Information given:

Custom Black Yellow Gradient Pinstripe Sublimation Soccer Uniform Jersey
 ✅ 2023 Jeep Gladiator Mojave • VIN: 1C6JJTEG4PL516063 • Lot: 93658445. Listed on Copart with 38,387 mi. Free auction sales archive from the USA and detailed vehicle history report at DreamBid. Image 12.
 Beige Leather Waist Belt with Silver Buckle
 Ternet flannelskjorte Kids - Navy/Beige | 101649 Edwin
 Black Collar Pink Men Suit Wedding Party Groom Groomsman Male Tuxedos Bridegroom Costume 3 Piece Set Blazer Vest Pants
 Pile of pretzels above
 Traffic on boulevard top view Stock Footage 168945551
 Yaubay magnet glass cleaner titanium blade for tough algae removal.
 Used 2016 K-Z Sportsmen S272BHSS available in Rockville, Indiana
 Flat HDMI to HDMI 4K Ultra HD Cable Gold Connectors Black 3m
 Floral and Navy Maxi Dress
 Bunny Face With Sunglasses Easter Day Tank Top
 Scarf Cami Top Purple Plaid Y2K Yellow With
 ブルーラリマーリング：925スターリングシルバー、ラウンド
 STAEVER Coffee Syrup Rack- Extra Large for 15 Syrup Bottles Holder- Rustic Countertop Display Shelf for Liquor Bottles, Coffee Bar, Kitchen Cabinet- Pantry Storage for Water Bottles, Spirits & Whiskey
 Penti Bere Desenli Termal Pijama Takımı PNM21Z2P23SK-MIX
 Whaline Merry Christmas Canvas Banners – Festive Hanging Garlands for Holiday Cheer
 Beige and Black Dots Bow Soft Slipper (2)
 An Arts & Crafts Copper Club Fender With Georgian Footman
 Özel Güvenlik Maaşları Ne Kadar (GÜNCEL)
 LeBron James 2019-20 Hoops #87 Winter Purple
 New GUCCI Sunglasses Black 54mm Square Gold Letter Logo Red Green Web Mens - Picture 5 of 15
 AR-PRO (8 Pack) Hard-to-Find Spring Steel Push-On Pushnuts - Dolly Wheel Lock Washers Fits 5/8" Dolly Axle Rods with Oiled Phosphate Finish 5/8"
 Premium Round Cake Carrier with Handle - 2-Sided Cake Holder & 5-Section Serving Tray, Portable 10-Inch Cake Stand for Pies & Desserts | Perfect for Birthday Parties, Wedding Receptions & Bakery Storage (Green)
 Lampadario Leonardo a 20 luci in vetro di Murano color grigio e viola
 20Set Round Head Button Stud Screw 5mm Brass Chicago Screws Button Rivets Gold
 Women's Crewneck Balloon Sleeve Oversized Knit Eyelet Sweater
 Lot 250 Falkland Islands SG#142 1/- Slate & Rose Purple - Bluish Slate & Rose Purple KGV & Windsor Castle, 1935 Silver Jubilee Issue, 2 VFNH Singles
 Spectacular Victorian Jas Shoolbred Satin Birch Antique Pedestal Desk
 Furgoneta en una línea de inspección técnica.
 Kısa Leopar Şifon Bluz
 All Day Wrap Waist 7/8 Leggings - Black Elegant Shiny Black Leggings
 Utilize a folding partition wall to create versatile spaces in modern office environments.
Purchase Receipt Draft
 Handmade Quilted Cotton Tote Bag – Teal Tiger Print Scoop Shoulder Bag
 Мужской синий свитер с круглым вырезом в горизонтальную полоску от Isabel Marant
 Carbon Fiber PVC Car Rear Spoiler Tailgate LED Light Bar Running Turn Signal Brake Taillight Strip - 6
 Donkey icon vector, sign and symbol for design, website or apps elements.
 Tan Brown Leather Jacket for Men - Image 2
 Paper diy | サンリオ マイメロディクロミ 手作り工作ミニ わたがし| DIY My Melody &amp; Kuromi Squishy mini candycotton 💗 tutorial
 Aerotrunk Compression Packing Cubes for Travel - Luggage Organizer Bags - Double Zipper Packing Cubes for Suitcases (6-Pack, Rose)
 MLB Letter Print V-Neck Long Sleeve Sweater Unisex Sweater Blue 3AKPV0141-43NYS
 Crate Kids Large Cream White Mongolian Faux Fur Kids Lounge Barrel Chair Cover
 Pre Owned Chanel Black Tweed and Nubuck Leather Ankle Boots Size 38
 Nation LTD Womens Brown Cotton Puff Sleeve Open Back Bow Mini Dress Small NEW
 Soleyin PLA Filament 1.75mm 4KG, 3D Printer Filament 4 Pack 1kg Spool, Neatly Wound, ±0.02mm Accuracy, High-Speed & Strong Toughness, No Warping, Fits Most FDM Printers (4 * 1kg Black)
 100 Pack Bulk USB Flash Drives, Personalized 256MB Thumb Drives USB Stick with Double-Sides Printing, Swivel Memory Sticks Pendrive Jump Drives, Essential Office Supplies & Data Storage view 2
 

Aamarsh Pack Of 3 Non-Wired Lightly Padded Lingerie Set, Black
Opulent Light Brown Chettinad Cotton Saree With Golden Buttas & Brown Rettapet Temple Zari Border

Task requirements: The answer is the lines above between the line holding "Ternet flannelskjorte Kids" and the line holding "Women's Crewneck Balloon", inclusive, each written out exactly, and no others.

Written response:
 Ternet flannelskjorte Kids - Navy/Beige | 101649 Edwin
 Black Collar Pink Men Suit Wedding Party Groom Groomsman Male Tuxedos Bridegroom Costume 3 Piece Set Blazer Vest Pants
 Pile of pretzels above
 Traffic on boulevard top view Stock Footage 168945551
 Yaubay magnet glass cleaner titanium blade for tough algae removal.
 Used 2016 K-Z Sportsmen S272BHSS available in Rockville, Indiana
 Flat HDMI to HDMI 4K Ultra HD Cable Gold Connectors Black 3m
 Floral and Navy Maxi Dress
 Bunny Face With Sunglasses Easter Day Tank Top
 Scarf Cami Top Purple Plaid Y2K Yellow With
 ブルーラリマーリング：925スターリングシルバー、ラウンド
 STAEVER Coffee Syrup Rack- Extra Large for 15 Syrup Bottles Holder- Rustic Countertop Display Shelf for Liquor Bottles, Coffee Bar, Kitchen Cabinet- Pantry Storage for Water Bottles, Spirits & Whiskey
 Penti Bere Desenli Termal Pijama Takımı PNM21Z2P23SK-MIX
 Whaline Merry Christmas Canvas Banners – Festive Hanging Garlands for Holiday Cheer
 Beige and Black Dots Bow Soft Slipper (2)
 An Arts & Crafts Copper Club Fender With Georgian Footman
 Özel Güvenlik Maaşları Ne Kadar (GÜNCEL)
 LeBron James 2019-20 Hoops #87 Winter Purple
 New GUCCI Sunglasses Black 54mm Square Gold Letter Logo Red Green Web Mens - Picture 5 of 15
 AR-PRO (8 Pack) Hard-to-Find Spring Steel Push-On Pushnuts - Dolly Wheel Lock Washers Fits 5/8" Dolly Axle Rods with Oiled Phosphate Finish 5/8"
 Premium Round Cake Carrier with Handle - 2-Sided Cake Holder & 5-Section Serving Tray, Portable 10-Inch Cake Stand for Pies & Desserts | Perfect for Birthday Parties, Wedding Receptions & Bakery Storage (Green)
 Lampadario Leonardo a 20 luci in vetro di Murano color grigio e viola
 20Set Round Head Button Stud Screw 5mm Brass Chicago Screws Button Rivets Gold
 Women's Crewneck Balloon Sleeve Oversized Knit Eyelet Sweater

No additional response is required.